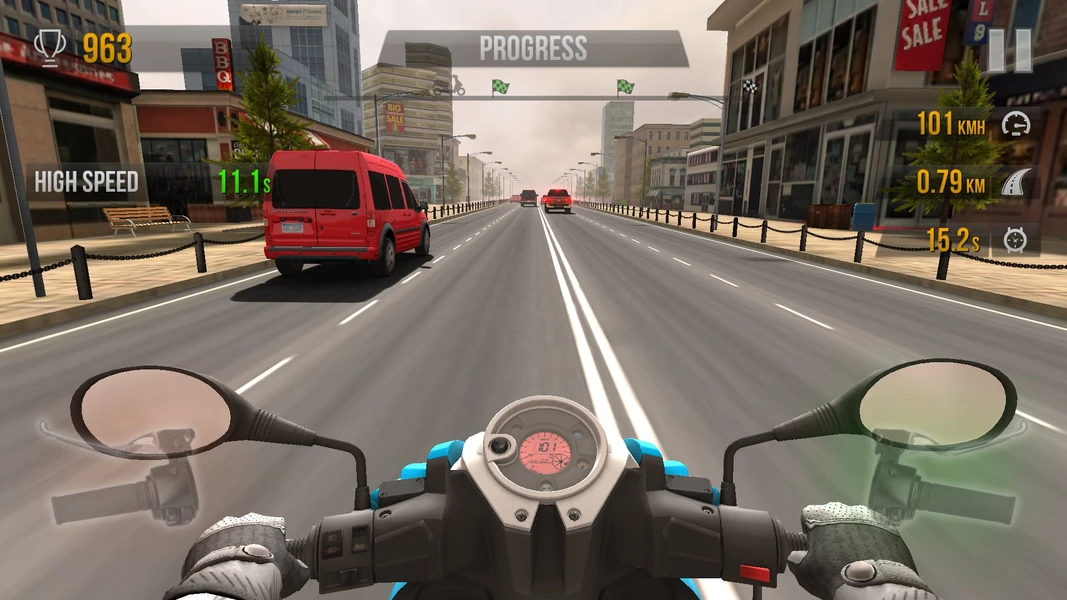 Traffic Rider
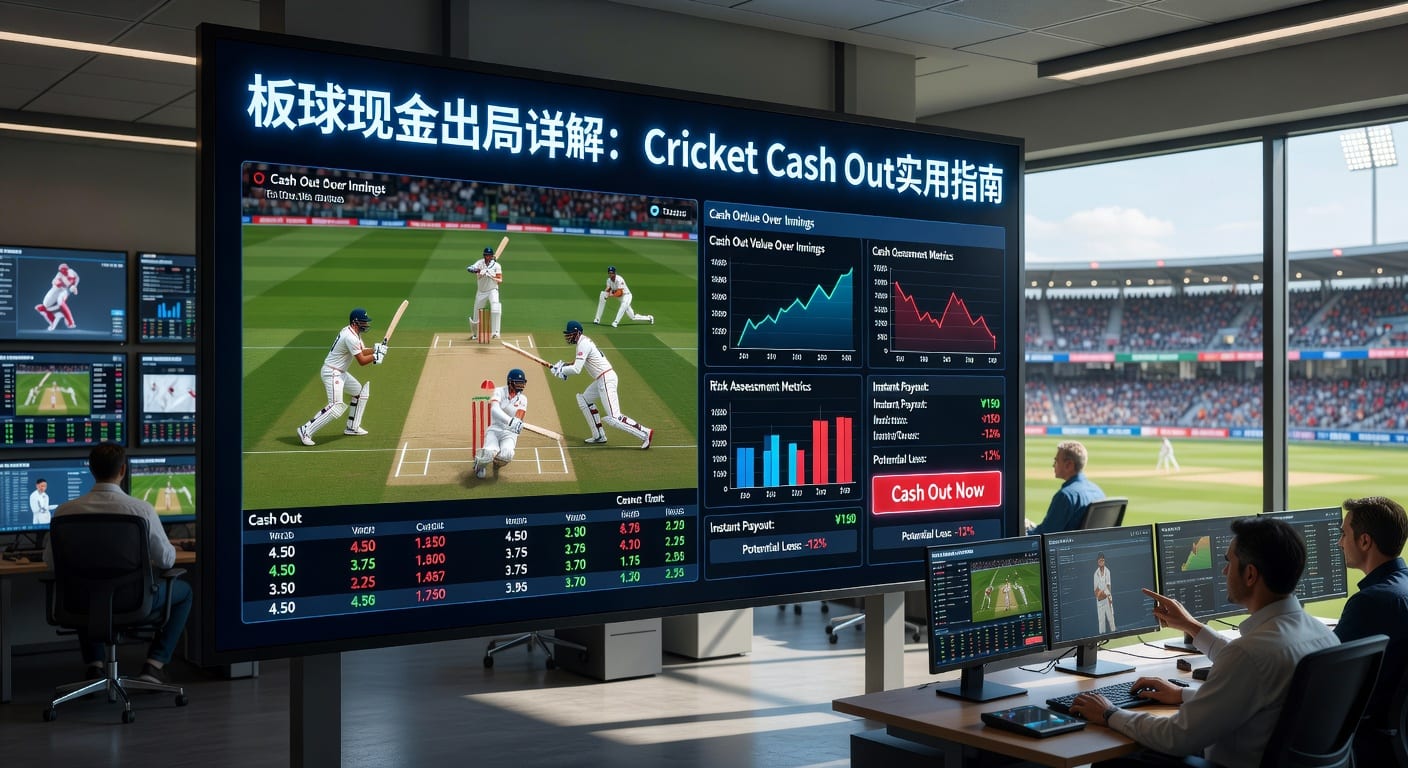 现金出局 cash out 玩法全解：2026年体育实时赔率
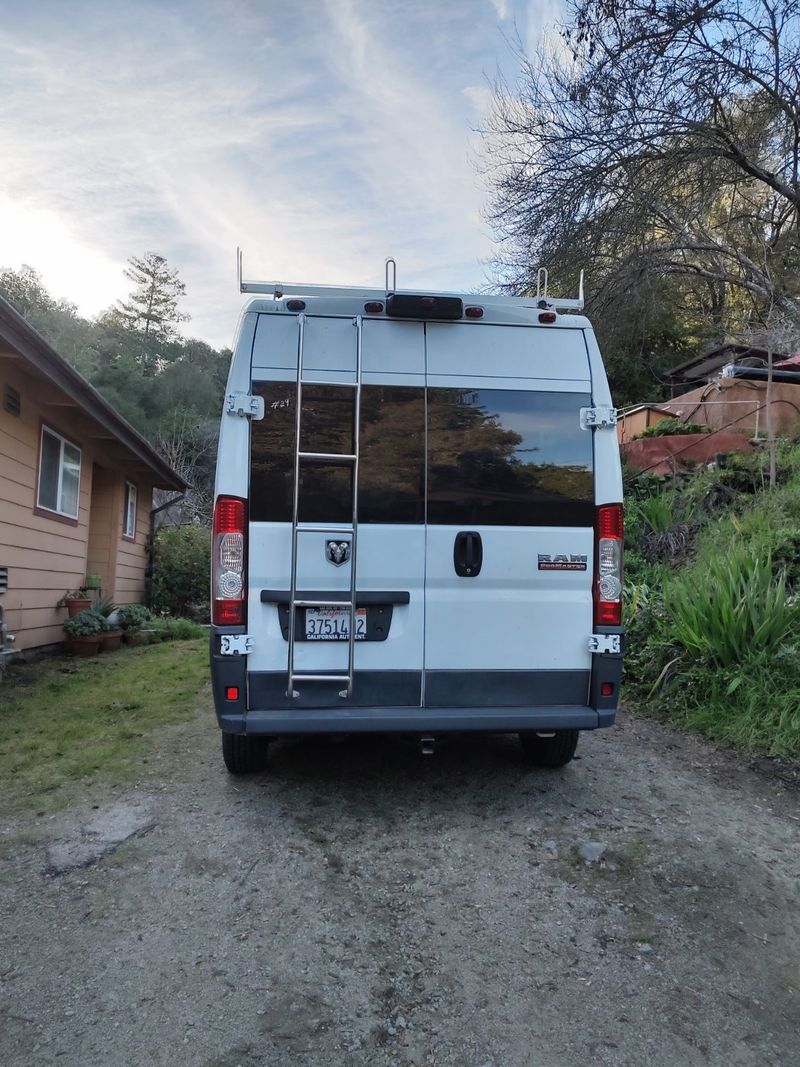 Picture 4/14 of a 2018 Ram Promaster 2500 High Roof Camper Van for sale in Soquel, California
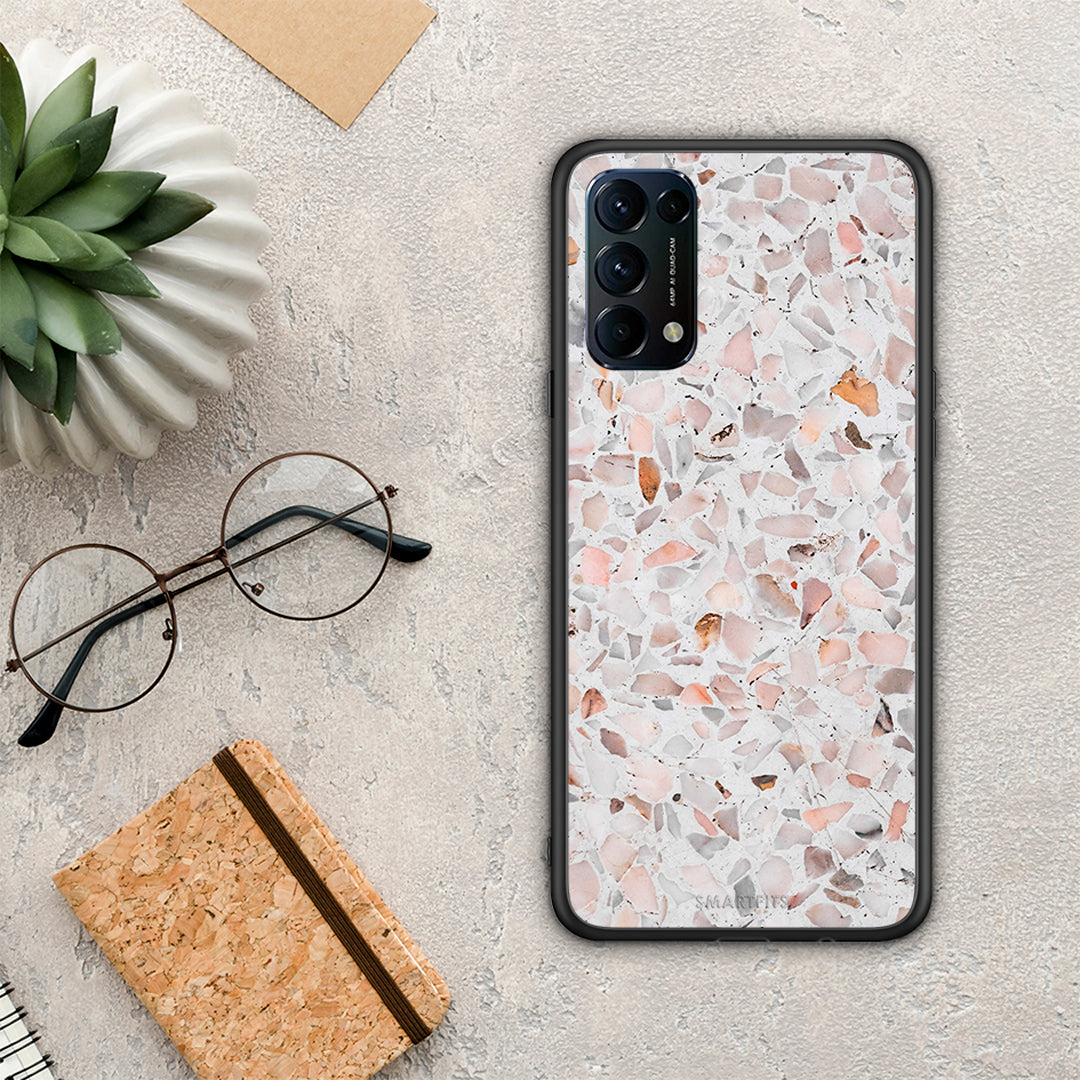 Marble Terrazzo - Oppo Find X3 Lite / Reno 5 5G / Reno 5 4G θήκη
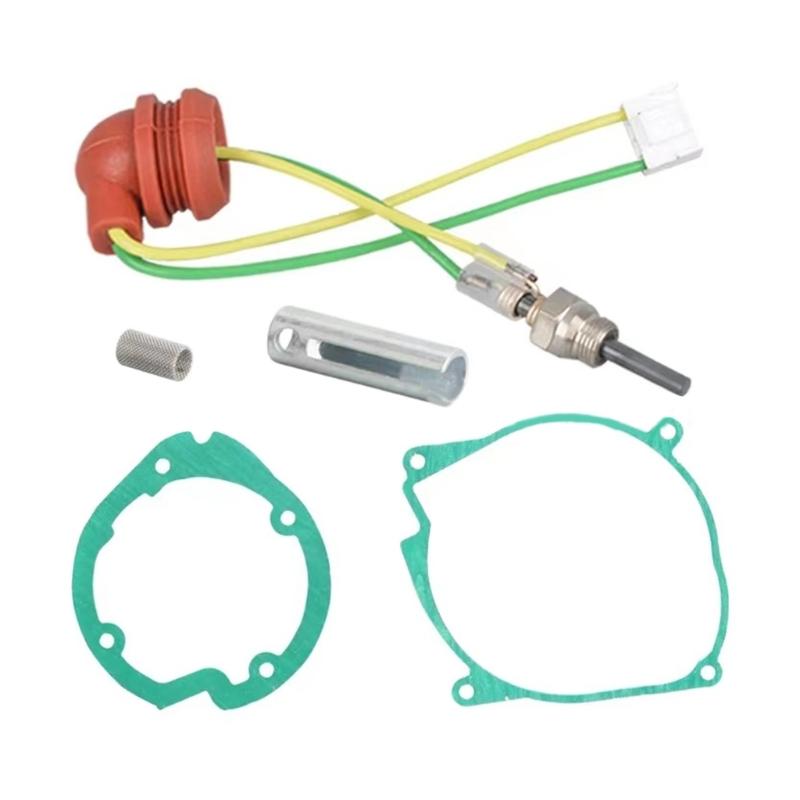 For Auto Car Boats Truck Air Dieseld Parking Heater Parts Ceramic Pin Heater Glow Plug 12V Ignition Socket Quick Heating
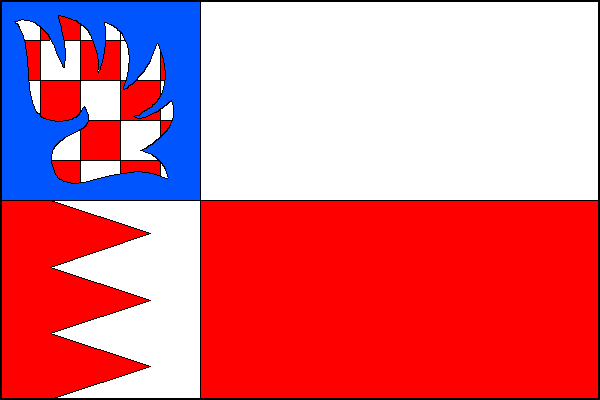 Chotiměř - vlajka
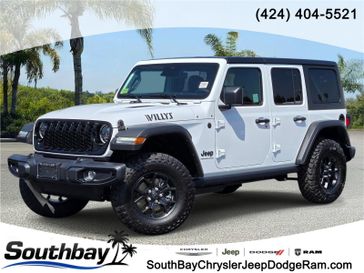 New 2026 Jeep Wrangler 4-door Willys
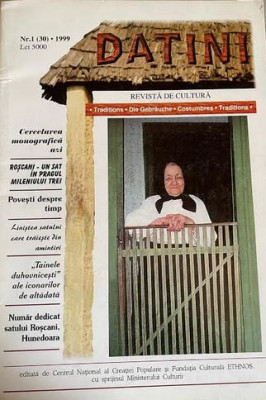 Revista Datini nr 1/1999 foto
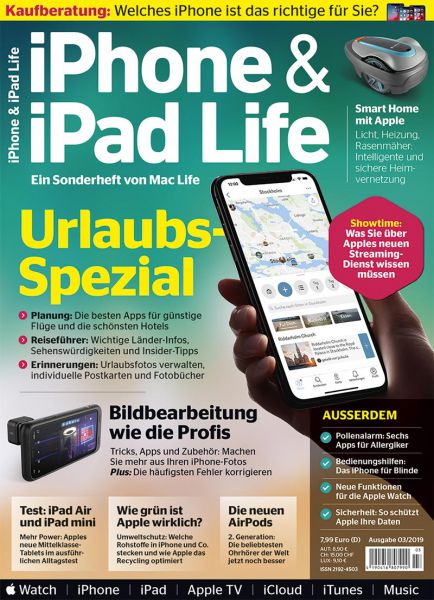 iPhone &amp; iPad Life 03/2019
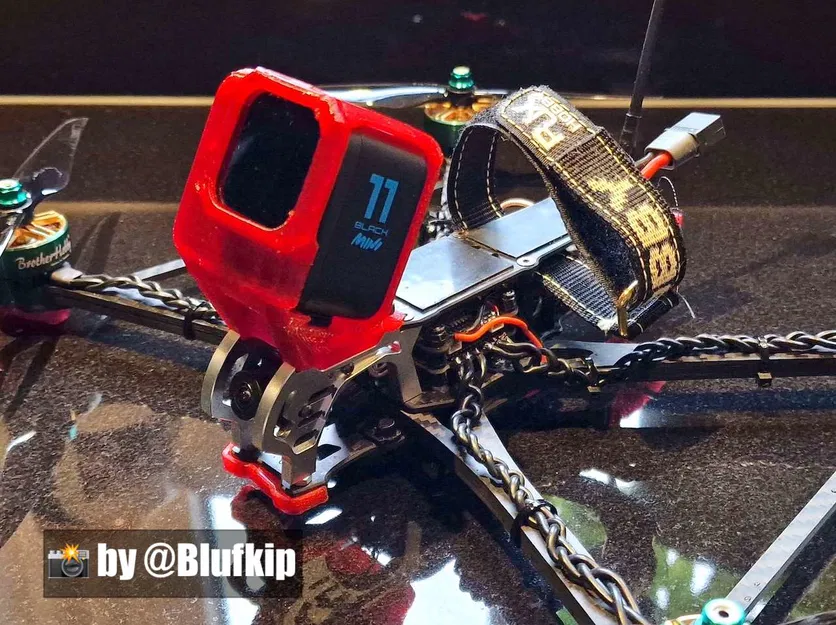 Giá đỡ GoPro 11 Mini cho Drone: Mọi Drone, Mọi Góc Nghiêng, Mọi ND - Image 3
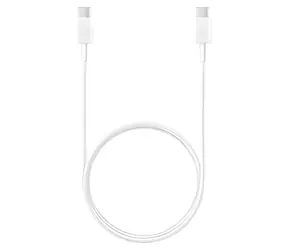 Samsung EP-DG980BWE biały / Kabel danych / USB-C - USB-C / 3A / 1m
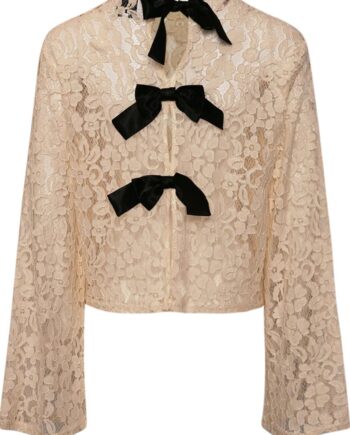 Noella Bluse Kerry Ivory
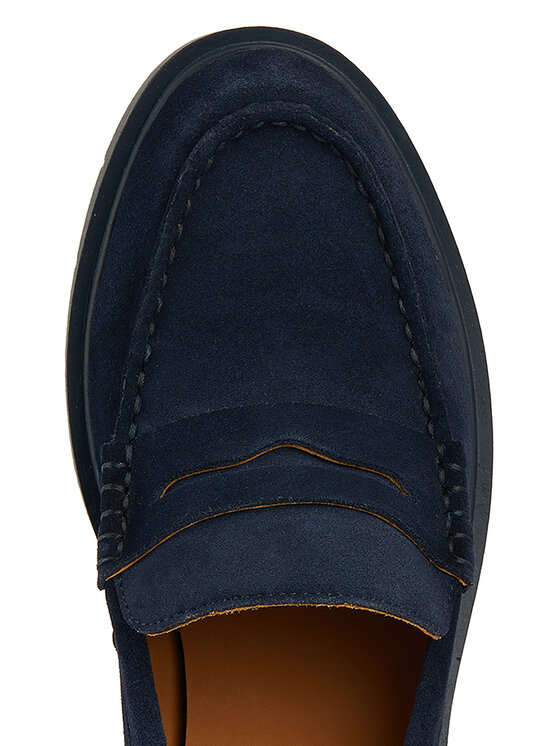 Geox Loafers Geox D Spherica Ec1 B D65DKB 00022 C4692 Bleumarin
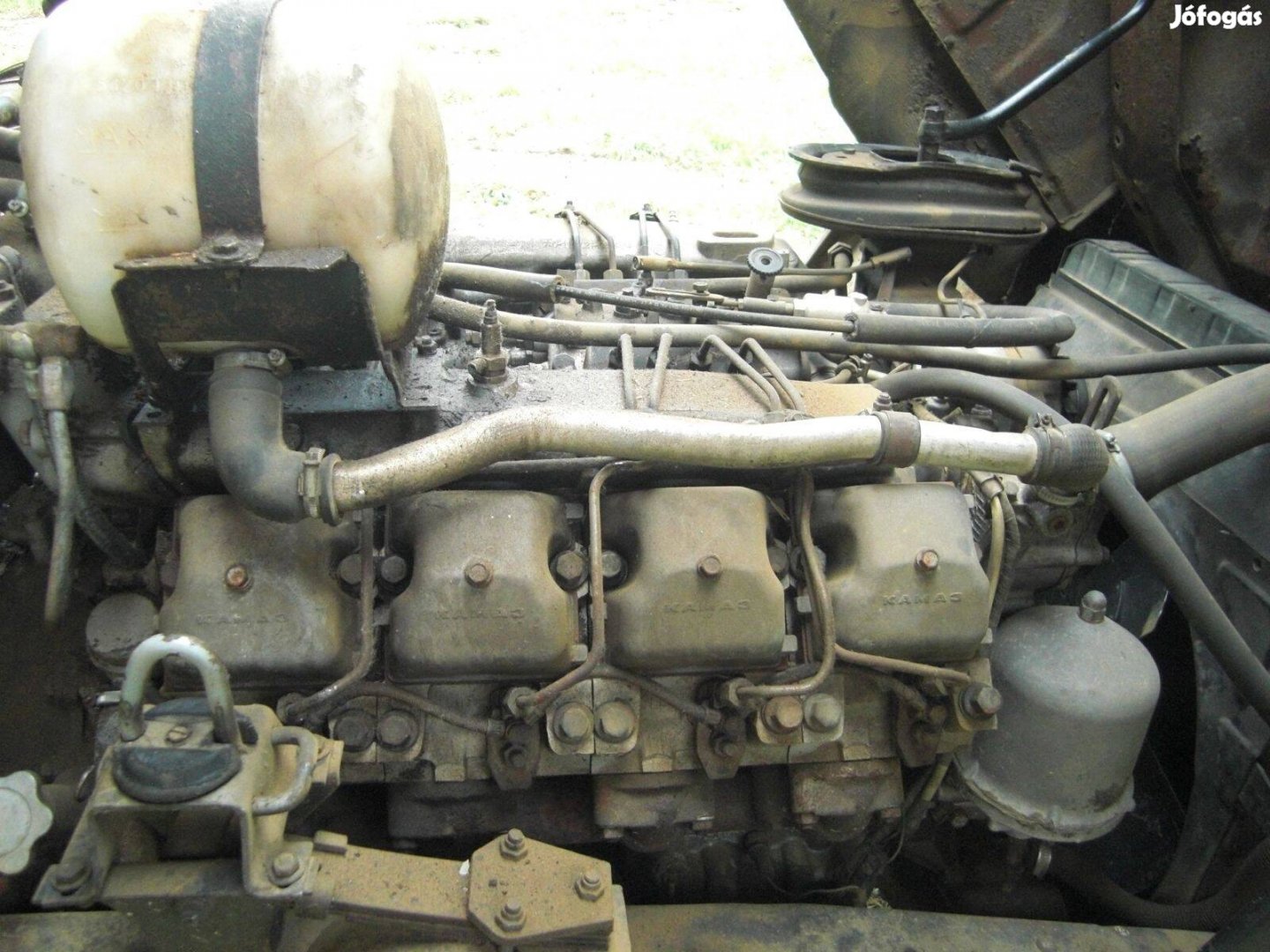 Kamaz motor eladó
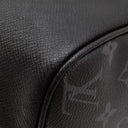 ルイヴィトン LOUIS VUITTON キーポルバンドリエール 50 M53763 ノワール タイガ モノグラムエクリプス ボストンバッグ シルバー金具 旅行カバン 黒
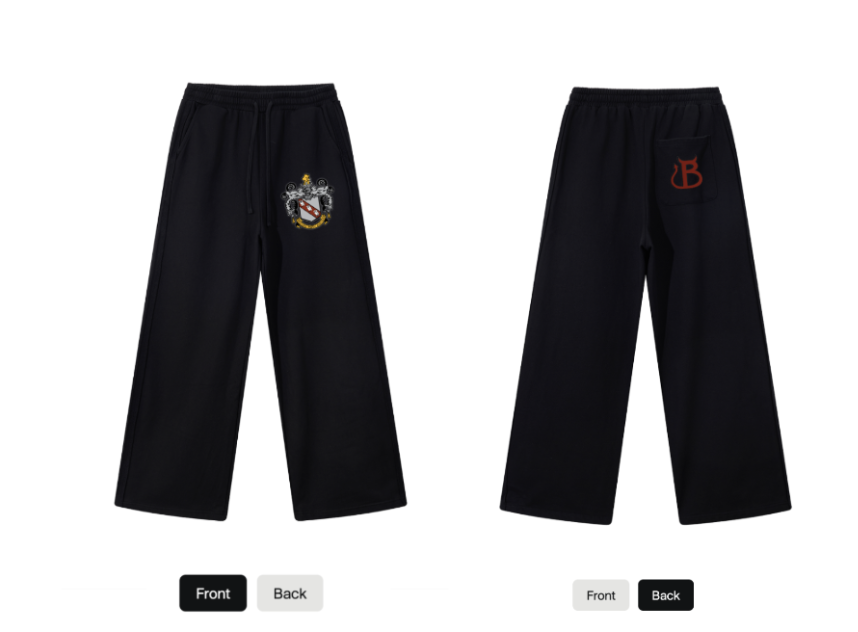 Baker Straight Leg Sweatpants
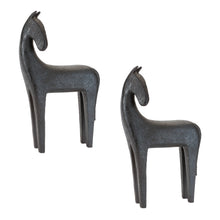 Modern Horse Statue (Set of 2) alternate view 2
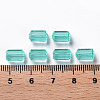 Transparent Acrylic Beads TACR-S154-27B-68-4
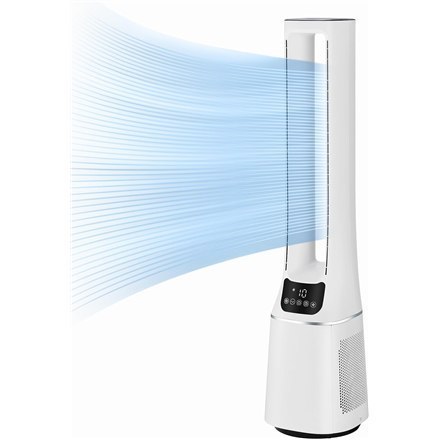 Midea | Wentylator bezłopatkowy z oczyszczaczem powietrza | MFP-120 | Wentylator stojący | Biały | Średnica 15 cm | Liczba prędk Midea | Wentylator bezłopatkowy z oczyszczaczem powietrza | MFP-120 | Wentylator stojący | Biały | Średnica 15 cm | Liczba prędk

- [ABOUT THIS EXERCISE]
Set the listing above down again exactly, leaving pictures out.

- [SOLUTION TO THE PROBLEM]
 Traffic Rider
 现金出局 cash out 玩法全解：2026年体育实时赔率
 Picture 4/14 of a 2018 Ram Promaster 2500 High Roof Camper Van for sale in Soquel, California
 Marble Terrazzo - Oppo Find X3 Lite / Reno 5 5G / Reno 5 4G θήκη
 For Auto Car Boats Truck Air Dieseld Parking Heater Parts Ceramic Pin Heater Glow Plug 12V Ignition Socket Quick Heating
 Chotiměř - vlajka
 New 2026 Jeep Wrangler 4-door Willys
 Revista Datini nr 1/1999 foto
 iPhone &amp; iPad Life 03/2019
 Giá đỡ GoPro 11 Mini cho Drone: Mọi Drone, Mọi Góc Nghiêng, Mọi ND - Image 3
 Samsung EP-DG980BWE biały / Kabel danych / USB-C - USB-C / 3A / 1m
 Noella Bluse Kerry Ivory
 Geox Loafers Geox D Spherica Ec1 B D65DKB 00022 C4692 Bleumarin
 Kamaz motor eladó
 ルイヴィトン LOUIS VUITTON キーポルバンドリエール 50 M53763 ノワール タイガ モノグラムエクリプス ボストンバッグ シルバー金具 旅行カバン 黒
 Baker Straight Leg Sweatpants
 Modern Horse Statue (Set of 2) alternate view 2
 Transparent Acrylic Beads TACR-S154-27B-68-4
 Midea | Wentylator bezłopatkowy z oczyszczaczem powietrza | MFP-120 | Wentylator stojący | Biały | Średnica 15 cm | Liczba prędk Midea | Wentylator bezłopatkowy z oczyszczaczem powietrza | MFP-120 | Wentylator stojący | Biały | Średnica 15 cm | Liczba prędk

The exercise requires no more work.